/feeds2mail

feeds2mail is a tool to email new articles appearing on web in the form of rss feeds, collections of rss feeds, youtube etc. Its basic idea is inspired by rss2email with a lot of flexibility in terms of specifying sources of articles

Primary LanguagePythonBSD 2-Clause "Simplified" LicenseBSD-2-Clause

feeds2mail

Most people seem to have forgotten about email, unfortunately. It still is a great PIM (personal information management) tool.

email is a nice way to keep track of your reading queues, whether daily newspapers or monthly magazines or yearly journals or your favorite news channels or youtube feeds etc. With email you get a familiar interface, ability to (auto) classify contents into different folders as per your own taste and priorities, share them with someone, thread them, keep status as read or unread, trim your reading queue by deleting unwanted or read articles etc.

If you are like me and use a text based client like mutt, even nicer if you use procmail to classify your email (you can, of course, use 'filters' facility of your mail provider also) above conveniences are all the more empowering. But it will be a digression to get into the details of that.

feeds2mail (f2m for short) is inspired by rss2email, but with a more generalized notion of feeds, that includes RSS but adds more to it.

If you use email classification wisely, f2m can become a highly customizable feed aggregator, with highly organized contents. For example, different feeds for the same topic (say, feed for your city in different newspapers) can be brought together into one email folder. For this, there is a builtin support for generating + suffix in the email address to which the articles are mailed, which makes it easy to classify emails for procmail or any other filters.

Following are the feed types supprted by f2m. More detailed usage description of each type follows in later subsections.

rss

Basic good old RSS feed is supported by f2m

metarss

Most publishers have a page called 'RSS Feeds' on which they list several of their feeds dedicated to different topics. metarss feed type in f2m is like a feed of feeds, where you specify the URL of feeds page and regular expressions to pick individual feeds by their topics.

A very handy feature you get with this is, the state of the feed is tracked at the metarss level. It helps eliminate duplicate items from various feeds, or items that appear today in one feed and tomorrow in another.

youtube (channels and playlists)

youtube itself provides an rss interface to its channels and playlists. In f2m by merely specifying the channel or playlist id, the feed can be activated.

Better organized publishers create specific channels or playlists for their popular shows. Sometimes they aren't easy to find. Do use the FILTERS widget on youtube search and restrict your search to channels or playlists (in two separate search queries). If you are lucky you might get a precise channel or playlist for the contents you want to track.

But if you do not find one. You can subscribe to the default channel of the publisher, which will typically have all the content it ever publishes - only a small fraction of which you are interested in. You can achieve the filtering by specifying txtregex property to filter a busy feed to retain only the articles of your interest. (All properties are described in the later sections below.)

The youtube feed items carry the video duration in the subject line (using yt-dlp package) of the email. This may help in deciding whether to view the item now or at leisure later.
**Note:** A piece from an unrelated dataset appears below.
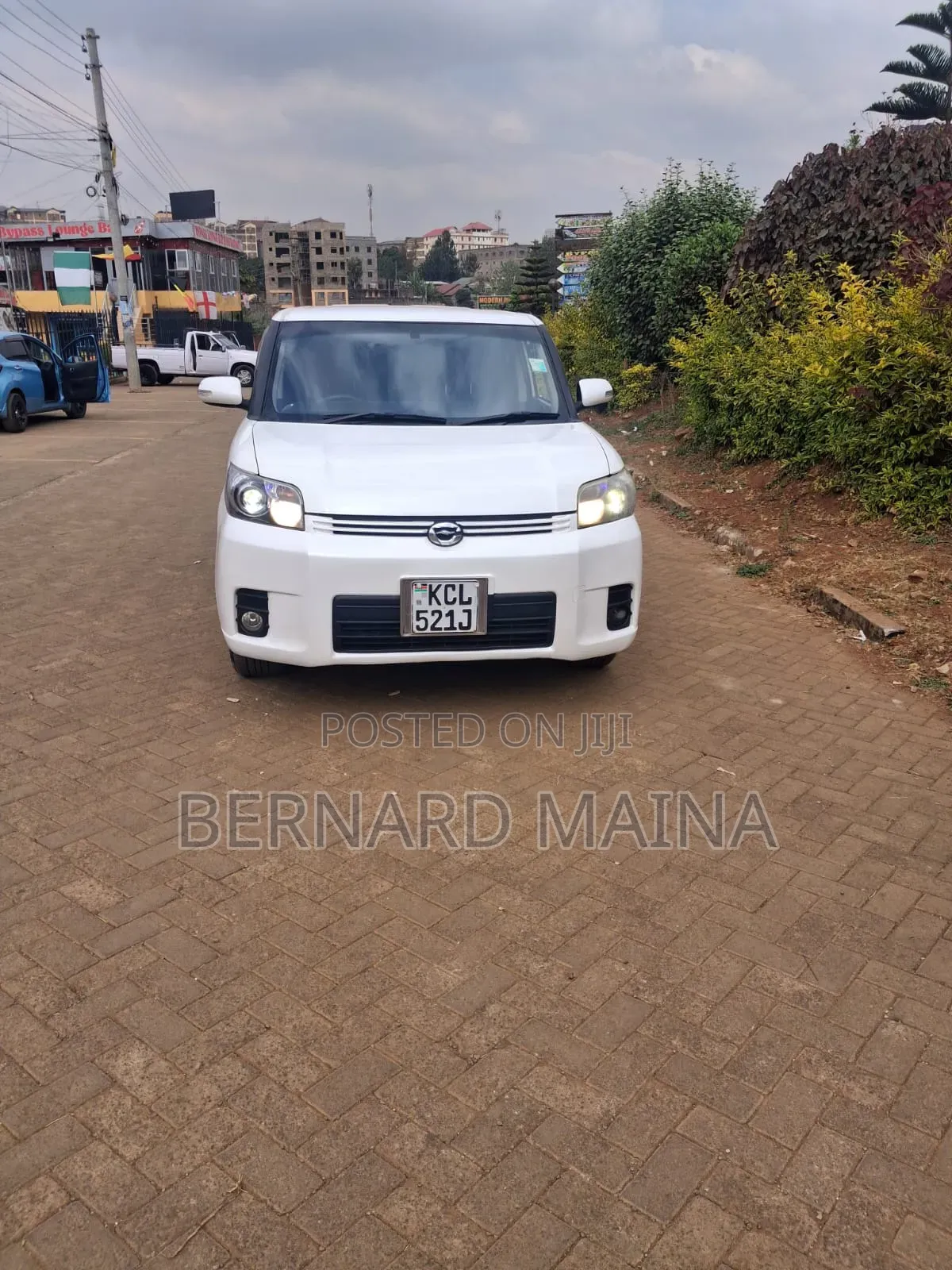Toyota Rumion 1.5 FWD 2021 White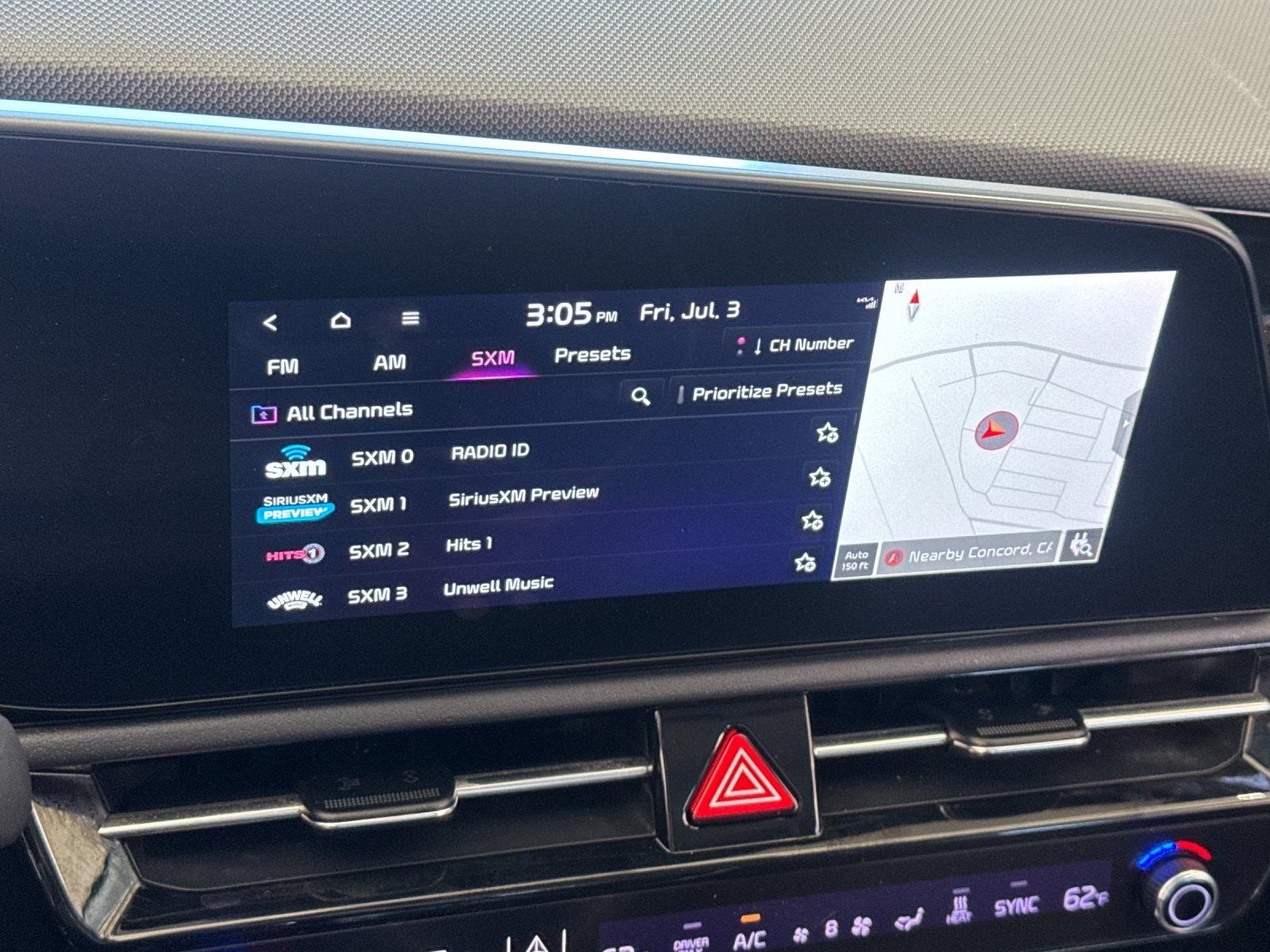 2023 Kia Niro EV Wind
Since youtube access mandated a login, for the duration functionality to work you must have logged in your default profile. We use 'cookiesfrombrowser' option to extract the duration information.

url

This feed type is to select items from an arbitrary URL use regular expression on its URL and/or hypertext using properties urlregex and txtregex respectively.

Use this only as last resort and form the regular expressions carefully.

urlgroup

urlgroup is to url what is metarss to rss, just grouping of URLs in one feed so that duplicates from various subfeeds can be eliminated. The 'url' property of the urlgroup has no semantics as that of the contained url list will get actually used to fetch articles. As a thumb rule just use the home page of the publication.

Many newspapers have stopped supporting RSS feeds. Either url or urlgroup type may help in these cases.

System Requirements:

  • python3 is required

Following python packages are required

  • py-filelock
  • py-feedparser
  • yt-dlp

Setting up feeds

Feed settings reside in $HOME/.f2mrc.json. A sample settings file sample.f2mrc.json is included in the package.

The root level is a dictionary with following properties:

defaults
feeds

defaults is a dictionary where default properties of any feed can be specified. Most typically you might want to specify the following:

active : true | false, default is true, if false the feed is not processed.
Typically when you add a new feed, set this to false and set the same
property to true in the individual feed to run just the new feed.

dryrun : true | false, if true, only the first feed in the feedlist will be
processed, but no email will be generated, feeds' state will not be
updated. Set it to true if you want to test out a new feed. Remember to
place the feed under test at the first position in the lsist.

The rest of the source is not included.